Demikianlah identitas perempuan telah direkonstruksi oleh
budaya, sehingga mereka mengalami subordinasi dan marginalisasi. Hal ini
membuka ruang terjadinya kekerasan psikologis, psikis, mental dan spiritual terhadap
seorang perempuan.[4]
Perubahan demi perubahan telah terjadi, namun nilai budaya dalam keluarga dan
masyarakat, sehingga sebagai perempuan, mereka mengalami berbagai tindak
kekerasan budaya.[5]
Untungnya hal ini tidak membuat mereka berdiam diri sebagai korban yang pasif.
Berbekalkan pendidikan yang memadai, seorang perempuan dapat menyusun dan
mengaplikasikan berbagai strategi untuk mengatasi kekerasan budaya dengan cara
yang tidak frontal. Keperempuantionghoaan terlihat melalui cara mereka
membentuk identitas baru yang terus menjadi. Sebab itu kemampuan perempuan untuk
memakna-ulang budaya patriarkhi menjadi modal utama untuk menuju ranah publik.
Refleksi
Dominasi dan subordinasi laki-laki terhadap perempuan
berada dalam susunan dan jaringan sosial berlapis-lapis dan kompleks, karena
menempatkan laki-laki sebagai penguasa, pembesar, tuan, pemilik, majikan dan
suami menurut tradisi dan budaya. Perjuangan kaum perempuan, adalah membangun
egalitarian community (suatu komunitas yang sederajat antara laki-laki dan
perempuan). Selanjutnya, adalah menumbuhkan kesadaran dan kepekaan kaum
perempuan, dan menantang kaum laki-laki untuk melancarkan kritik, serta
merekonstruksi bangunan-bangunan teoritis dan metodologis (dalam berbagai
disiplin ilmu) yang melestarikan dominasi, ketimpangan dan ketidakadilan dalam
realitas hubungan laki-laki dan perempuan, tekstual dan kontekstual.
Merekonstruksi peran suami di tengah masyarakat dan budaya patriarkhi, berarti menempatkan baik laki-laki maupun
perempuan, sebagai manusia yangs etara dan sederajat (equality) dalam kesamaan dan perbedaan mereka, dan menghayati
kemanusiaan mereka dalam hubungan timbal balik (mutuality).[6] Rosemary Radford Ruether dalam bukunya Sexism and God-Talk: Toward
a Feminist Theology, mengatakan bahwa : upaya apapun yang
mengurangi kemanusiaan kaum perempuan harus dianggap bukan “merefleksikan yang
ilahi” atau “relasi yang otentik” dengan yang ilahi.

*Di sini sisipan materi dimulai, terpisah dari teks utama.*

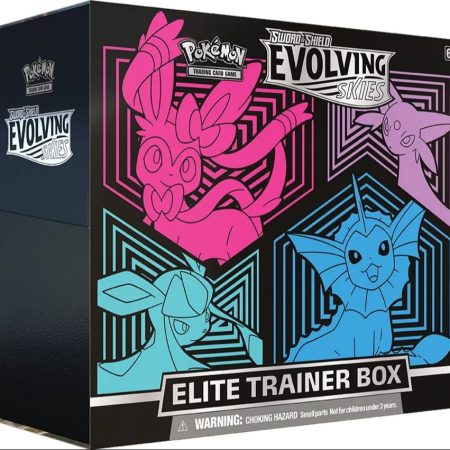 Evolving Skies Elite Trainer Box [Glaceon/Vaporeon/Sylveon/Espeon] - SWSH07: Evolving Skies (SWSH07)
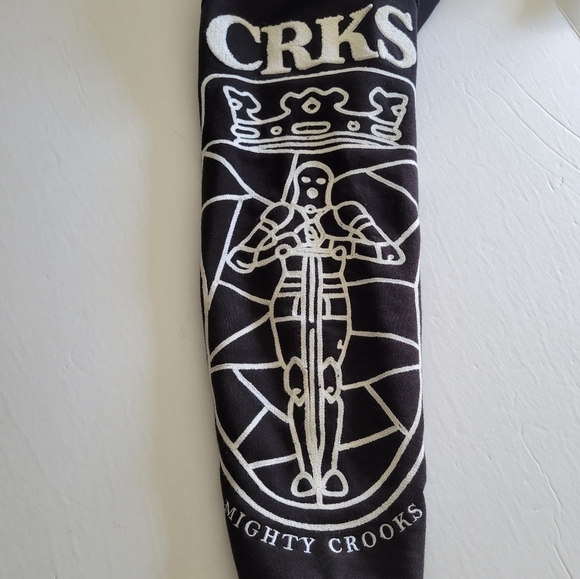 Crooks & Castles Knit Jacket. - Picture 7 of 9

Prinsip kemanusiaan yang penuh didasarkan pada konsep “imago Dei,” bahwa perempuan secara setara dibebaskan oleh Kristus
dan secara setara dikuduskan oleh Roh Kudus. Berikutnya, kita perlu mengangkat
serta menilai kaum perempuan ke dalam kesadaran masyarakat agar berkembang
suatu hubungan baru yang didasarkan pada kesederajatan dan kesetaraan antara
laki-laki dan perempuan, sehingga terbuka suatu cara berpikir yang terbuka dan
inklusif demi terwujudnya keadilan, kebenaran, perdamaian serta keutuhan
ciptaan.
[1] Dalam tulisan ini, kata “patriarkhi” menunjuk pada arti “pola atau tatanan yang
ditentukan oleh kaum laki-laki.” Dalam masyarakat patriarkhal, kaum laki-laki
menentukan pola masyarakat dan kaum perempuan dinomorduakan.
[2] Dalam
tradisi keluarga Tionghoa tradisional, seorang istri harus tunduk dan patuh
kepada suami dan keluarganya, sehingga hal-hal yang berkaitan dengan
penatalayanan dan pengelolaan kehidupan keluarga, ada dalam kekuasaan suami dan
keluarganya.
[3] Dalam bidang pekerjaan, perempuan tidak dianjurkan atau diharapkan
mendapat pekerjaan tetap diluar rumah. Kalau mereka diperkerjakan, mereka
sering mendapat upah yang lebih sedikit, atau bahkan tidak mendapatkan bayaran
yang sepantasnya, ketimbang kaum laki-laki untuk jenis pekerjaan yang sama.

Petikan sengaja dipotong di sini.